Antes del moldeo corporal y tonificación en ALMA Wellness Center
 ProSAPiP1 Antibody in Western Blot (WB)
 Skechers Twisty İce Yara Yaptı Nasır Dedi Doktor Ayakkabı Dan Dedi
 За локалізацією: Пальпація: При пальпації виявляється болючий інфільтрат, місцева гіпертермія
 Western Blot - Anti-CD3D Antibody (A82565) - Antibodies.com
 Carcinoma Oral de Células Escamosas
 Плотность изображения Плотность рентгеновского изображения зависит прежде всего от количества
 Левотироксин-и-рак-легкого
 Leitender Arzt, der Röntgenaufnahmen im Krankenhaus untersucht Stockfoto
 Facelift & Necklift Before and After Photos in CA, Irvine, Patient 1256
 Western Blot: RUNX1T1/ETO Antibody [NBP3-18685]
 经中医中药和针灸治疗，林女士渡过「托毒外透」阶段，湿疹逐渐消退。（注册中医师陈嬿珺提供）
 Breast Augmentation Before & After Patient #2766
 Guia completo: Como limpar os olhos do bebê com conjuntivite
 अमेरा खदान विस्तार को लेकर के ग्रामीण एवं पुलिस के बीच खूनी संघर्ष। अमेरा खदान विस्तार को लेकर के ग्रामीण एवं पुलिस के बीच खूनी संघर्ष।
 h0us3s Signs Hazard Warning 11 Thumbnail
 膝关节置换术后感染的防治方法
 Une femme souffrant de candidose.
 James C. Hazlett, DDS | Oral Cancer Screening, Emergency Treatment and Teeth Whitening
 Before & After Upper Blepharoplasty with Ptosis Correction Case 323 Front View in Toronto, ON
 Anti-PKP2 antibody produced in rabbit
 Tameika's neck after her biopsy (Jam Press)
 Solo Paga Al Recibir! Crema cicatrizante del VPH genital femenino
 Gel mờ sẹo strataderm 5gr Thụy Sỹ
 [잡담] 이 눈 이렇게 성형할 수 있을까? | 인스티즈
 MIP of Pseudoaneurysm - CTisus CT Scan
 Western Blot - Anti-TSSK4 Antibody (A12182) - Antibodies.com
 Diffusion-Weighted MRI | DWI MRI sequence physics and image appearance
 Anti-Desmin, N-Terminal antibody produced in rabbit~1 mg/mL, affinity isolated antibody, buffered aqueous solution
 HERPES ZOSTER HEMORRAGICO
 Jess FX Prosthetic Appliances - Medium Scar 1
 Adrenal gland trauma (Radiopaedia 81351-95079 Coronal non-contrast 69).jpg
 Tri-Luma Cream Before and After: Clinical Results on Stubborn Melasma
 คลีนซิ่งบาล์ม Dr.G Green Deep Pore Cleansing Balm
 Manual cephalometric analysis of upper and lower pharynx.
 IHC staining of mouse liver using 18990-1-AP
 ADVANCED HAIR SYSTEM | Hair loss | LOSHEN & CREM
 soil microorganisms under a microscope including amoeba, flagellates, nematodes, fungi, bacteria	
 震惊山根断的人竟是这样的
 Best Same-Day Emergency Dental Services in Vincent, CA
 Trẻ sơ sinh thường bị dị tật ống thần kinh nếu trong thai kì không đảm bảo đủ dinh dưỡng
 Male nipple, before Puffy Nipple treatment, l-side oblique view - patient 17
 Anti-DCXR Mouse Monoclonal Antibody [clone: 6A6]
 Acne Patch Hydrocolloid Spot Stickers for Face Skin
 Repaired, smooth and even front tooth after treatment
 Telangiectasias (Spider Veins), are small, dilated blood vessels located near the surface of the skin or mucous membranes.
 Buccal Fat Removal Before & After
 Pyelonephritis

Problem requirements:
Whenever the word "produced" appears in a line of the listing, report that line.

Exercise solution:
 Anti-PKP2 antibody produced in rabbit
 Anti-Desmin, N-Terminal antibody produced in rabbit~1 mg/mL, affinity isolated antibody, buffered aqueous solution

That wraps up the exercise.